* _ASSIGNED TASK_
In the data below, find each line containing the string "Drive" and return it.
Start of INPUT DATA
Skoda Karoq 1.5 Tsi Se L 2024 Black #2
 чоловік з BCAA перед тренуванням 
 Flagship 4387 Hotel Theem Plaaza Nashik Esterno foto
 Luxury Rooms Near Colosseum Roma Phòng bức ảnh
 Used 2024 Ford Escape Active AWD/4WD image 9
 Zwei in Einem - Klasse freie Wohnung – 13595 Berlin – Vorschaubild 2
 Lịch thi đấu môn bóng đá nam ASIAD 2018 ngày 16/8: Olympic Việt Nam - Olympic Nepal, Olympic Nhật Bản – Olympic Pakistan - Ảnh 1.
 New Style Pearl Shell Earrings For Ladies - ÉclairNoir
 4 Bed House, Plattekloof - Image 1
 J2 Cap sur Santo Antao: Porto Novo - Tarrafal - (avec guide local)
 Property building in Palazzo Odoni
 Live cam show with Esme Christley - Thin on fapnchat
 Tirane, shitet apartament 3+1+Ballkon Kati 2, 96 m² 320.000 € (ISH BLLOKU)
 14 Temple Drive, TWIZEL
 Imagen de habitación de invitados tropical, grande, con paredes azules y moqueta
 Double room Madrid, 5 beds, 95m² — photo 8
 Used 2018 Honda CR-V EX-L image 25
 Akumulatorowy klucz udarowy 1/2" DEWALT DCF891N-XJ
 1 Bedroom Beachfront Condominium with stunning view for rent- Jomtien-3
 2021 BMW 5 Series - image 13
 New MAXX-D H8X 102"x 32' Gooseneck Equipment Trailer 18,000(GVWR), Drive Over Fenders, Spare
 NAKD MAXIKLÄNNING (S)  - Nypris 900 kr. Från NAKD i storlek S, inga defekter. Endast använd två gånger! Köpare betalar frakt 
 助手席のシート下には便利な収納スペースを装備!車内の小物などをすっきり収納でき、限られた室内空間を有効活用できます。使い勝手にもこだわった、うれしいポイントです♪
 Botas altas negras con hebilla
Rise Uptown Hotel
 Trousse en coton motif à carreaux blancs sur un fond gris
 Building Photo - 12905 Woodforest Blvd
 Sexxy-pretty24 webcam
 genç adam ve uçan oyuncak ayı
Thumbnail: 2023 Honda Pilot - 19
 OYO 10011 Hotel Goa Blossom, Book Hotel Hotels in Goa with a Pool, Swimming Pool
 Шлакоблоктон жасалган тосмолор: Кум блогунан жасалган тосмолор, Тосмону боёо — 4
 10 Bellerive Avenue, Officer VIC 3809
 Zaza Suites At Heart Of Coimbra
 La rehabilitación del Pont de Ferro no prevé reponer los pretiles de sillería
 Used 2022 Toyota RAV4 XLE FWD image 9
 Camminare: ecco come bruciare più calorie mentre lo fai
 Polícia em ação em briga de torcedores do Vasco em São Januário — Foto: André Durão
End of INPUT DATA
* _FINISHED TASK_
 14 Temple Drive, TWIZEL
 New MAXX-D H8X 102"x 32' Gooseneck Equipment Trailer 18,000(GVWR), Drive Over Fenders, Spare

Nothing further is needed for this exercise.